[Items listed in a dataset]
= = = =

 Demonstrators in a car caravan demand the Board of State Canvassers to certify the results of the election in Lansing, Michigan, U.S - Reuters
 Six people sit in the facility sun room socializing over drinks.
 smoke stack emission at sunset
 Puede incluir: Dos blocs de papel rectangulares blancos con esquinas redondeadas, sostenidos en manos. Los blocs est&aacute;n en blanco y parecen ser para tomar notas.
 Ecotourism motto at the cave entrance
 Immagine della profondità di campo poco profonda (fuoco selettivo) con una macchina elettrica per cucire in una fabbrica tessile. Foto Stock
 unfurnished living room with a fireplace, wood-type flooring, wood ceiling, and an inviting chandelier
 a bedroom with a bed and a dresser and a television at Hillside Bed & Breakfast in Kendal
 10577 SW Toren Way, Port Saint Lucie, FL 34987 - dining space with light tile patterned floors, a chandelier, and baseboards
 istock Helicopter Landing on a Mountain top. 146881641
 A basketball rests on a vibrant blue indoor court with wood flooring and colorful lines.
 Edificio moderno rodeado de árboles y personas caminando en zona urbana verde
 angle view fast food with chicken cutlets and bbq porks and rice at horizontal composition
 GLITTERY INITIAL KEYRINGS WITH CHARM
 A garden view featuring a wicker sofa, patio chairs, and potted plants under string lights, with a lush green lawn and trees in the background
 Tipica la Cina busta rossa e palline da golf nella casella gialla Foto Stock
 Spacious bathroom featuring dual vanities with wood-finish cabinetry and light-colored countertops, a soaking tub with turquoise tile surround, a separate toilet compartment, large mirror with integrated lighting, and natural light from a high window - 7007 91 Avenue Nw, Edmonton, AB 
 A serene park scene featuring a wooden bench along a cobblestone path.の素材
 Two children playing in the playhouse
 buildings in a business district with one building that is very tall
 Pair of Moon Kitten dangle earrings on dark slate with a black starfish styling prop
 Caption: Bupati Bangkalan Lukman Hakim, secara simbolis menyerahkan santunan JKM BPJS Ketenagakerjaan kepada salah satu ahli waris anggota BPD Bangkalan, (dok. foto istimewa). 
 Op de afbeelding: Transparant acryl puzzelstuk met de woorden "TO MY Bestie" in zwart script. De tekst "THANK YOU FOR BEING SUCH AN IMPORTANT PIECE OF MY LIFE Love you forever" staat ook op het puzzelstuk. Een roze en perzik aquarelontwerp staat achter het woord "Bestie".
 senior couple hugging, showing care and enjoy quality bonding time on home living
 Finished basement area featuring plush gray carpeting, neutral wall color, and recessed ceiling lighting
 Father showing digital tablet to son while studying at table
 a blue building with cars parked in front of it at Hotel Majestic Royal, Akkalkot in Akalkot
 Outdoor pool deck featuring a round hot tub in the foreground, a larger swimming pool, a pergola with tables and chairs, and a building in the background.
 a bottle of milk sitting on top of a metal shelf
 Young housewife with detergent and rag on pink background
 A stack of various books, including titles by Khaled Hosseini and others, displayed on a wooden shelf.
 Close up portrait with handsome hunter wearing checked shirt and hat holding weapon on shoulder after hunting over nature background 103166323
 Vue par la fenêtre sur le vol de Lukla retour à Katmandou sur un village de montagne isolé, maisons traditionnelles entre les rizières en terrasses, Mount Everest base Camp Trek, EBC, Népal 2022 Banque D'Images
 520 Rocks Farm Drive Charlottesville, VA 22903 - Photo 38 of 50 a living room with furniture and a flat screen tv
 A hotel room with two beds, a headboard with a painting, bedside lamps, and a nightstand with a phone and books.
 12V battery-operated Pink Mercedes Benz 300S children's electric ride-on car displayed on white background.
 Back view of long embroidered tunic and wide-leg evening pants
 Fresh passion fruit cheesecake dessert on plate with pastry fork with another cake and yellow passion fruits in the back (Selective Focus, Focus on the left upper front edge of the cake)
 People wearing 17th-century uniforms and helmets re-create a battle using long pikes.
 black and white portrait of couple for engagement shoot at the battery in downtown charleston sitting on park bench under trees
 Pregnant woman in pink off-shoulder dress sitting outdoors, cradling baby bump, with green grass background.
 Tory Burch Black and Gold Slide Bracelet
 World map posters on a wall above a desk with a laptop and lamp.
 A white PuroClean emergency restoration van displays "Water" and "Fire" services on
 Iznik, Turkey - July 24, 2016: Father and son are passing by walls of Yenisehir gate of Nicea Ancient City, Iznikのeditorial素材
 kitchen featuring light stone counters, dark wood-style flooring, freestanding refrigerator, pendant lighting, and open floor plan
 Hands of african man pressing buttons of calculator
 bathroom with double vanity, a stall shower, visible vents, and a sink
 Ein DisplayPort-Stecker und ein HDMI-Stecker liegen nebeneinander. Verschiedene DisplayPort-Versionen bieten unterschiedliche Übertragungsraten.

= = = =

| Problem details |
In the entries, find every line holding "stack" and copy it.

| Result of this task |
 smoke stack emission at sunset
 A stack of various books, including titles by Khaled Hosseini and others, displayed on a wooden shelf.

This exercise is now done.